Ho pensato - visto che stavo andando come da anni ad un particolare incontro come quello attorno alla data del 27 gennaio - che era strano che ad alcune categorie non venissero mai fatte multe, mentre ad altre si. Ho trovato la cosa molto razzista, nei confronti sia della prima categoria che della seconda. Se siamo tutti uguali perché favorire alcuni e danneggiarne altre?  Ovvio poi il mio pensiero, riguardo ad un controllore da chiamare semplicemente con un numero, mentre pretendeva da me le generalità complete. Non soltanto mancanza di “tatto” nei confronti di un passeggero tranquillo ed educato, ma anche un veloce pensiero verso coloro cui la disumanizzazione aveva sostituito il nome con una cifra.

Io il biglietto lo avevo e 33102 lo ha anche annotato. Il suo comportamento - che fosse a norma di legge o meno - è stato sdegnoso. Oltretutto, quasi come sberleffo da “oltre al danno le beffe”, il verbale è anche comprensivo dell’importo del biglietto di 1€50. Ma se lo avevo in mano il biglietto comprato prima dal tabaccaio ed il controllore ha anche scritto il numero sulla multa, cosa dovrei pagare nuovamente?

Si tratta di una completa presa in giro, visto il ritardo del mezzo e le offese subite. Non sarebbe stato più facile farmi scrivere l’ora - come si poteva fare ai miei tempi - sul biglietto, per “vidimarlo”?
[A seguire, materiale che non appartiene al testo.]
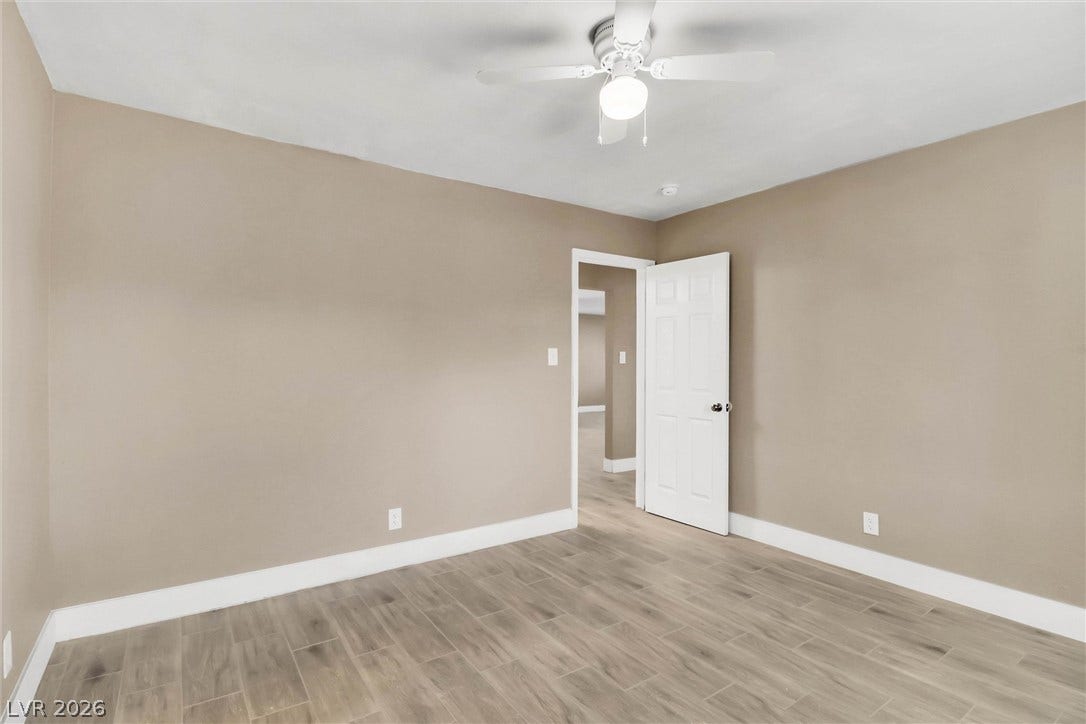 Gleaming tile flooring and crisp white trim accent this versatile empty space.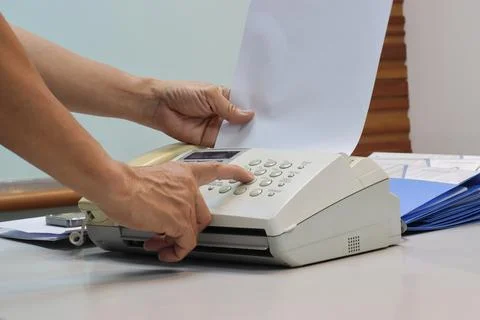 Man hands using a fax machine, putting paper 库存照片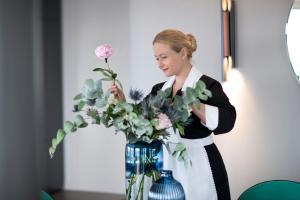 Una mujer está arreglando un jarrón de flores. en Hotel Plaza e de Russie - Relais & Châteaux, en Viareggio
Ovviamente ho avuto poi alcune ore da passare in treno per scrivere la mia protesta sul portale internet dell’ATAC, ma lascio immaginare quante risposte ho ricevuto da allora. Sono pervaso che come non si voglia vedere una persona con un biglietto in mano, sia possibile che alcuni non riescano volutamente a leggere.